El Paso seeks to emulate Dallas with construction of I-10 deck plaza
DALLAS, Texas -- After the triumph of Clyde Warren Park in Dallas, the Paso Del Norte Community Foundation thinks El Paso could emulate the same success.
Covering over five acres on top of the Woodall Rodgers Freeway, Clyde Warren connects downtown Dallas to the arts and historical district.
According to the Dallas Fort Worth Real Estate Review, the idea for the park was born in 1968 but nothing was done until a push by downtown real estate developers wanting to connect the districts that the highway had split.
Within 4 years, the group became the Woodall Rodgers Park Foundation and amassed around $3.5 million to seed the project.
The city and state added $20 million each for the project and by then, the foundation had raised another $55 million in private donations.
In 2002, the ball got rolling and by 2012 the park was officially opened. It was named Clyde Warren after Billionaire Kelcy Warren donated $10 million to the foundation.
OBJ Landscape Architecture program developer Tara Green worked on the Clyde Warren Project and is also helping with the concepts for El Paso.
“It is a city-owned park that had public bond dollars that went into it. It had federal money that went in to it and when it was being constructed, there was stimulus money available. That was paired with an almost equal amount of private dollars, so that was the money raised to build the park. The park is owned by the city of Dallas but it is privately run by a 501-c3 (non-profit organization),” Green said.
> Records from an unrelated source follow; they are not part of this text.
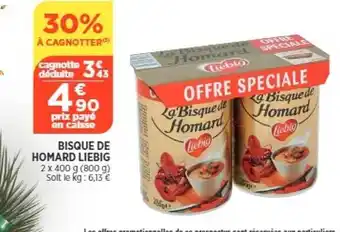 Bi1 Bisque de homard liebig offre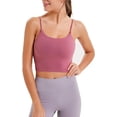 thumbnail image 3 of Sujetador deportivo acolchado para mujer, camisetas para correr y entrenamiento físico, camiseta sin mangas para Yoga, 3 of 4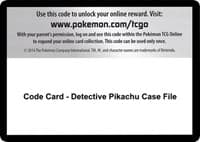 Detective Pikachu Code Card - Detective Pikachu Case File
The Paso Del Norte Foundation believes El Paso can benefit from the same style of park that was built in Dallas.
They created the Downtown Deck Plaza Foundation to work with city and state officials in order to build a 12.5 acre deck plaza over Interstate 10 in El Paso.
The project manager for the Downtown Deck Plaza Foundation, Lauren Steinmann, believes El Paso can benefit financially in the long run from the park.
The City of Dallas gets $15 million a year from the foundation as payment for all of the work that was being done and run by the foundation,” Steinmann said.
The Deck Plaza concept would have to coincide with Teas Dept. of Transportation's next phase of the "Re-imagine I-10" downtown corridor project.
TxDOT is interested in adding extra lanes of highway through the downtown corridor, but in order to do so some property may need to be taken by imminent domain and residents displaced.
This doesn't sit well though with some city leaders like Precinct 2 El Paso County Commissioner David Stout.
“The Pearl Apartments, most everything you see along the north side of the highway is going to be taken out to widen the highway. People are going to be displaced and guess what kind of people? Not the people that own the bank building on the south side of town, the people that are probably low income people that live on the north side of the highway," Stout told ABC-7.
TxDOT spokesperson Jennifer Wright said the transportation agency has been working with different designs to add the lanes in order to reduce the properties needed to be seized for the project to begin.
Wright said, "What has caused some alarm was that the corridor study in this segment too, not taking railroad property into account, looked at displacing 92 commercial properties along that corridor. Now with the alternatives that we are looking at producing, they would take anywhere from nine to eight commercial properties.”